PSS conceptualized and designed the study and conducted and executed the search strategy. PSS and JY screened study titles, abstracts, and full texts; completed the analysis and risk of bias assessments; and wrote the first draft of the manuscript. AK, DBF, JWS, KEM, and RD contributed to the data interpretation, commented on all versions of the manuscript, and approved the final draft.
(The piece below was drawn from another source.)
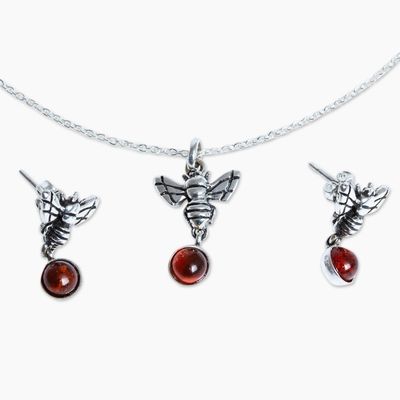 Alternate image for Amber and Sterling Silver Necklace and Earrings With Bees Delivering Honey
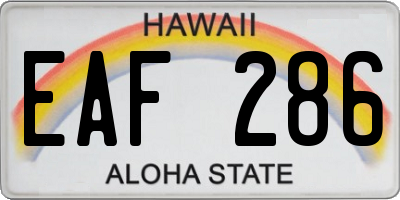 HI license plate EAF286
All authors have approved this version of the manuscript as submitted, and all agree to be accountable for its accuracy.

CONFLICT OF INTEREST

None.

Appendix S1‐S15

Click here for additional data file.

TABLE 3

Results of studies reporting other outcomes

Outcome	No. of studies	Pandemic period (n/N)	Pre‐pandemic period (n/N)	OR (95% CI)	I 2 (%)
PTB <34 weeks	8	523/21 240	1592/62 282	0.87 (0.70–1.07)	67
PTB <32 weeks	13	3668/263 626	14 366/ 1 198 164	0.96 (0.78–1.19)	94
PTB <28 weeks	10	1136/240 218	5404/1 085 624	0.92 (0.79–1.06)	51
Spontaneous PTB	5	767/16 724	1685/31 598	0.89 (0.82–0.98)	0
Induced PTB	4	583/12 012	1453/26 954	0.90 (0.81–1.00)	0
Low birthweight	7	1673/24 121	7194/99 667	0.90 (0.80–1.02)	53
Very low birthweight	5	205/15 292	1366/114 636	1.03 (0.71–1.49)	65
Extremely low birthweight	4	33/7167	299/73 001	0.83 (0.32–2.17)	72
Neonatal mortality	6	583/90 976	1263/419 057	1.34 (0.71–2.55)	96
Birthweight, g	6	13 871 a	49 152 a	17.0 (6.9–27.6) b	0

PTB, preterm birth.

Birthweight is shown as total number.

Value shown is mean difference (95% CI) in grams.